Захар Кузьмич, как был без сапог, в майке, мимо Насти мотнулся к ИЖу. И пока заводил, от крыльца уши сек надрывный вой:
— …век за тебя молиться буду-у!..
Тут еще жена не ко времени:
— Возьми хоть кусок пирога. Кто знает, сколь там пробудешь?
— В месте котором, Настя? — крикнул Кузьмич.
— Ой!
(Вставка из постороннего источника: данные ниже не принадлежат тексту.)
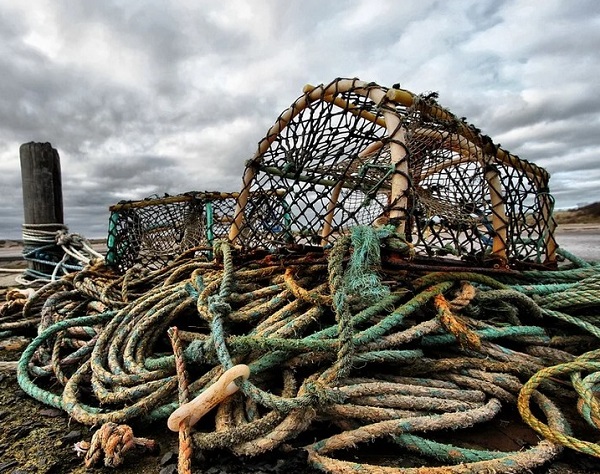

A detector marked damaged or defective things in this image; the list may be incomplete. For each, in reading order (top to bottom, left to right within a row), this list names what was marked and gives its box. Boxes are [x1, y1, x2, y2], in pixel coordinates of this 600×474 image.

rusty rope fiber [8, 225, 600, 470]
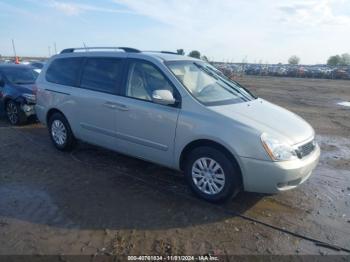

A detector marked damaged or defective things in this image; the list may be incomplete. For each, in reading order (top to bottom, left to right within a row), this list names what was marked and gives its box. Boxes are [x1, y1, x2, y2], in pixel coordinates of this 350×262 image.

damaged vehicle [0, 64, 37, 124]
damaged vehicle [34, 47, 320, 202]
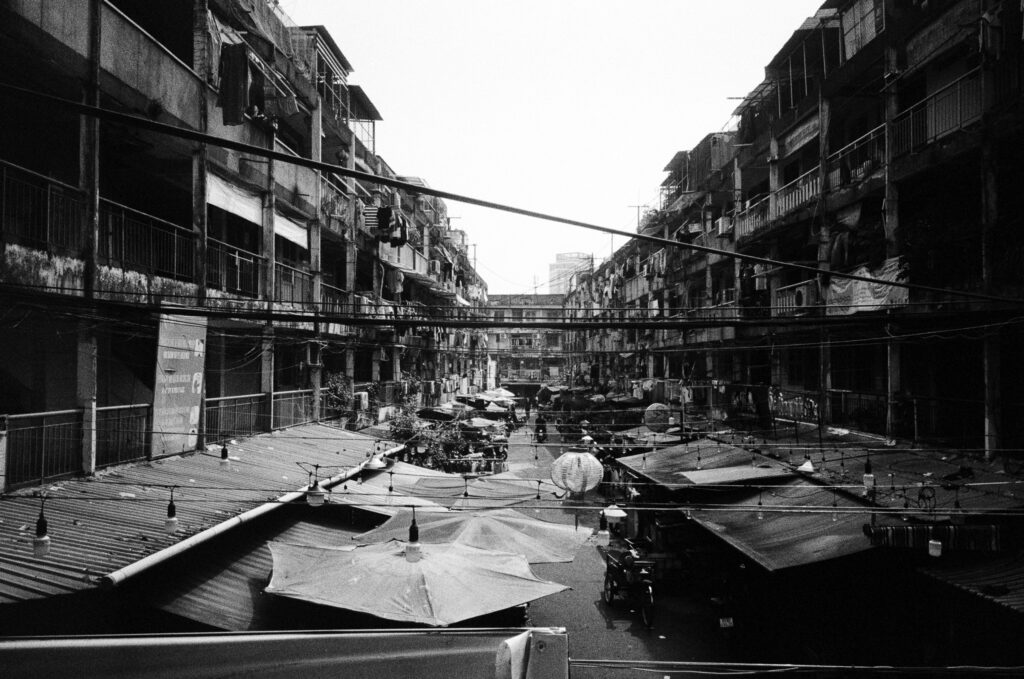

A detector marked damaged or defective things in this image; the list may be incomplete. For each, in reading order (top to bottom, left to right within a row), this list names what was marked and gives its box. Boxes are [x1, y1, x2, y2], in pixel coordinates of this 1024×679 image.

rusted balcony railing [892, 70, 980, 158]
rusted balcony railing [828, 122, 884, 189]
rusted balcony railing [0, 160, 86, 255]
rusted balcony railing [100, 198, 196, 282]
rusted balcony railing [206, 239, 262, 298]
rusted balcony railing [274, 260, 314, 306]
rusted balcony railing [3, 410, 82, 488]
rusted balcony railing [95, 404, 150, 468]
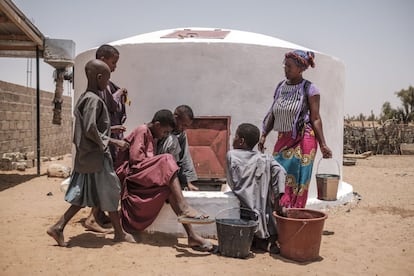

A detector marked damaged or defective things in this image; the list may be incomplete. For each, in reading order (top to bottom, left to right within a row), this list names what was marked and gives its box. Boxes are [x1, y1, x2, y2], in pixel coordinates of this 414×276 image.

rusty metal hatch door [187, 116, 231, 179]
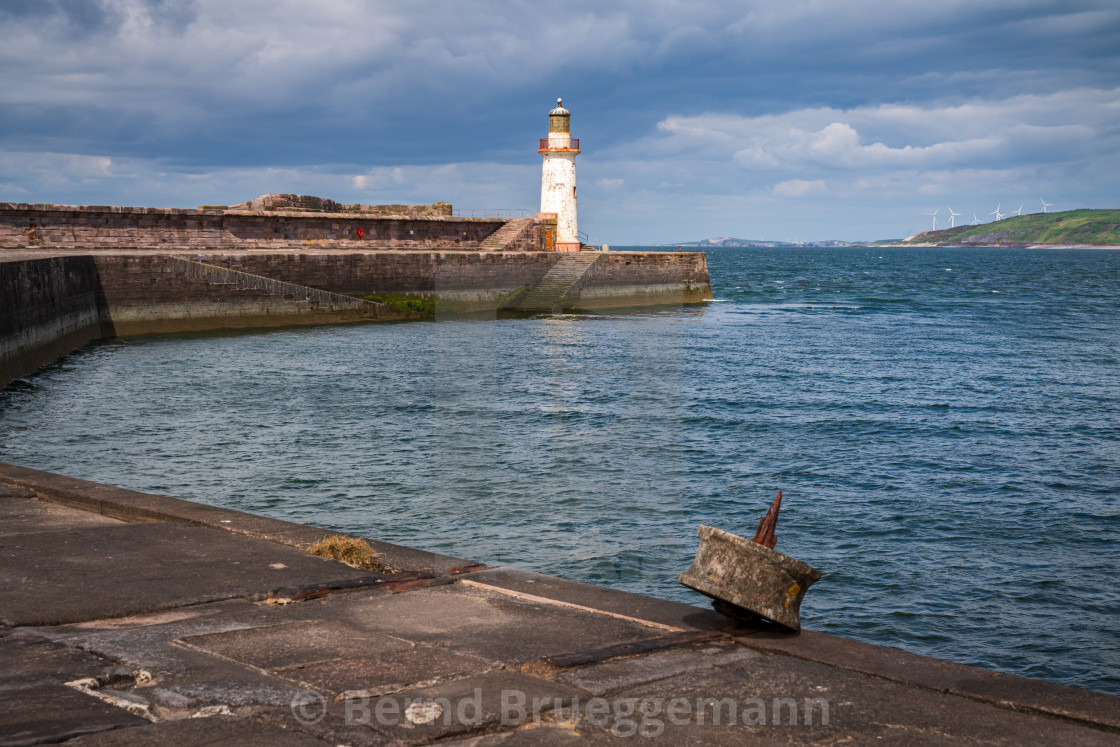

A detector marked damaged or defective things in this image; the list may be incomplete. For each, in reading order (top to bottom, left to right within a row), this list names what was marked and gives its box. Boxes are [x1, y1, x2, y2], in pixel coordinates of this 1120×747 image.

rusty mooring bollard [672, 490, 824, 632]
У затопленных огородов… Ой, доченька родная моя!
Когда вытащили на берег Катьку, голубую в лунном свете, пузатую, Захар командовал, куда и как ее половчей уложить, качал напеременки с Федором-кузнецом обмякшие Катькины руки, зло покрикивал на зевак, чтоб не застили Катьке воздух, не забывал покрикивать, чтобы крепче держали мать, прибежавшую с воплем осиплым, — и потому только, что споро, моментом все слажено было, Катьку откачали, и отвез их Кузьмич, дочку и мать с ней в обнимку, домой…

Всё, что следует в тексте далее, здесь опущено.